The Death Trap That Won’t Die
Friday, February 19th, 2010Wow, every step Toyota takes is a disaster for them, isn’t it? They deserve every last bit of negative publicity, though.
Former regulators hired by Toyota Motor Corp. helped end at least four U.S. investigations of unintended acceleration by company vehicles in the last decade, warding off possible recalls, court and government records show.
Holy crap.
While all automakers have employees who handle NHTSA issues, Toyota may be alone among the major companies in employing former agency staffers to do so. Spokesmen for General Motors Co., Ford Motor Co., Chrysler Group LLC and Honda Motor Co. all say their companies have no ex-NHTSA people who deal with the agency on defects.
Possible links between Toyota and NHTSA may fuel mounting criticism of their handling of defects in Toyota and Lexus models tied to 19 deaths between 2004 and 2009.
May? Uh, consider the mounting criticism fueled.
In one example of the Toyota aides’ role, [Christopher] Santucci [of Toyota's Washington office] testified in a Michigan lawsuit that the company and NHTSA discussed limiting an examination of unintended acceleration complaints to incidents lasting less than a second.
Well, that’s…wait…what? You got it backwards!
We discussed the scope” of the investigation, Santucci testified. “NHTSA’s concerns about the scope ultimately led to a decision by the agency to reduce that scope. You say it worked out well for Toyota, I think it worked out well for both the agency and Toyota.”
Well I’m glad Santucci has the consumer where s/he belongs on the priority list: below Toyota and the NHTSA.
In Toyota’s case, “the company has built itself on pillars of safety, quality and reliability,” [some random market analyst] said. “A defect in their product is appalling to them, sort of unthinkable.”
Time to get past the cognitive dissonance, fellas.
Toyota spokeswoman Martha Voss declined to make Santucci and Tinto available for comment.
“Anything Mr. Tinto and Mr. Santucci did was in the interest of full disclosure, transparency and openness with regulators and safety experts,” Voss said in an e-mailed statement.
Kind of telling that those two paragraphs are next to each other, huh?
“Their actions have been consistent with our efforts to maintain the highest professional and ethical standards in all of our legal and regulatory practices. Their paramount concern was for the safety of every single owner of one of our vehicles.”
Right, because limiting the scope of an investigation into stuck accelerators to incidents lasting less than one second clearly indicates their paramount concern was for the vehicle owners. I mean, one the one hand you’re concerned about using the NHTSA’s resources well, and on the other you’re concerned about consumers. How do those go hand in hand? Ms. Voss, how do you live with yourself after blatant lies like this? The only explanation is that you are evil.

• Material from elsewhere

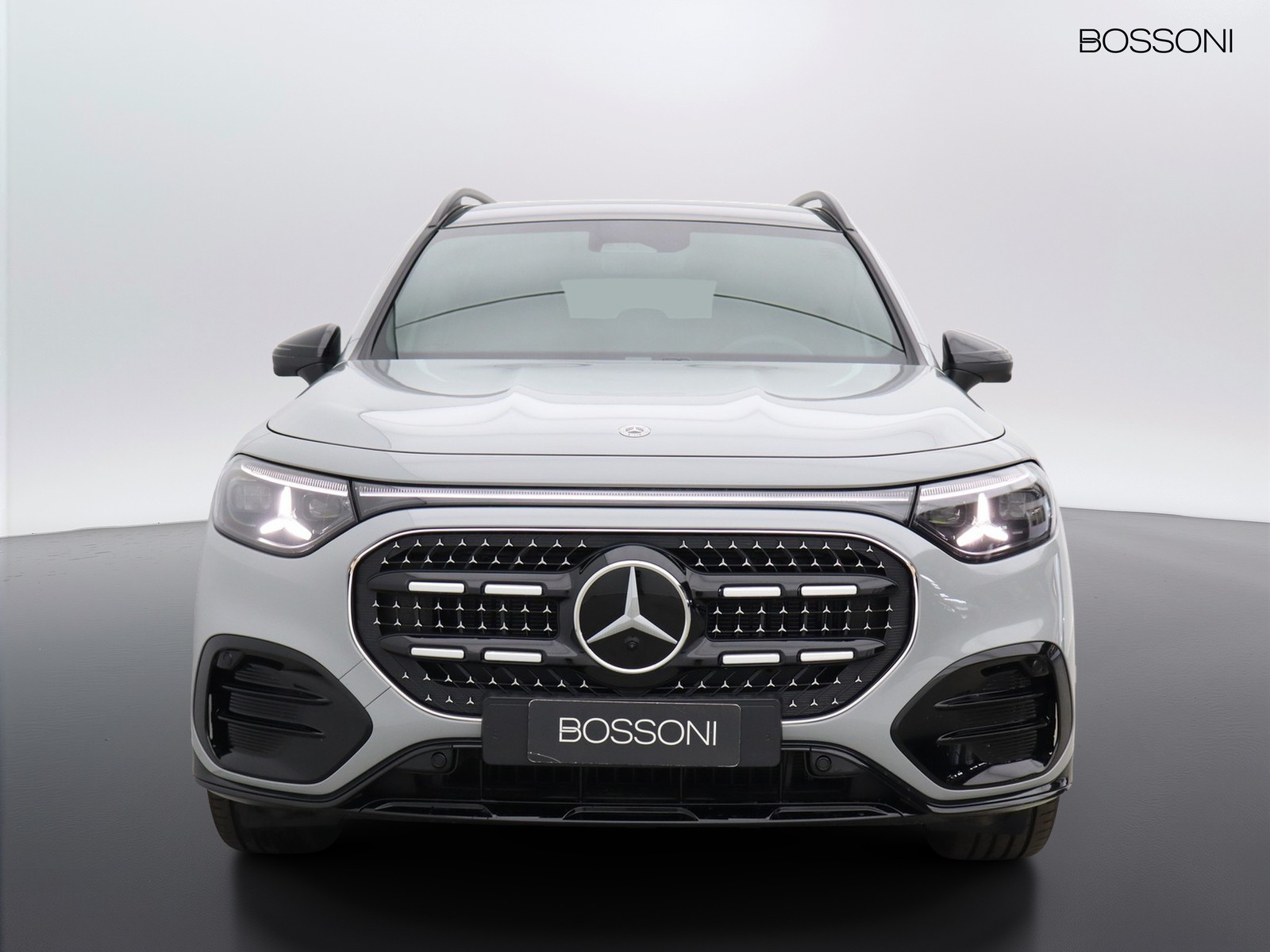 2 - Mercedes GLB 200 premium 4matic 8g-edct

[Christopher] Tinto [vice president of regulatory affairs in Toyota's Washington office], 46, came to Toyota after about four years at NHTSA. He hired Santucci from NHTSA in 2003, after the two met on opposite sides of the table in defect investigation cases, Santucci said in a deposition in the Michigan lawsuit.
Um, again…holy crap. Jesus lord this article reads as a damning indictment from top to bottom.
And look, it worked:
NHSTA opted to limit the investigation to unintended acceleration events that lasted less than a second and those where the brake could be used to control the vehicle, or about 11 incidents with 5 crashes.
…
The agency decided to limit the cases to eliminate instances where a driver may have used the wrong pedal, the Transportation Department’s Alair said.
And go figure, but the cherry-picked data exonerated Toyota:
“In each of these vehicles, no evidence of a system or component failure was found and the vehicles were operating as designed,” Tinto wrote in a Nov. 15 letter to NHSTA. He also cited the findings that ended the Camry investigation in 2004.
NHTSA ended its probe of the 2002 Camry in January 2006, citing lack of evidence of a problem and the agency’s need to allocate “limited resources” to other investigations.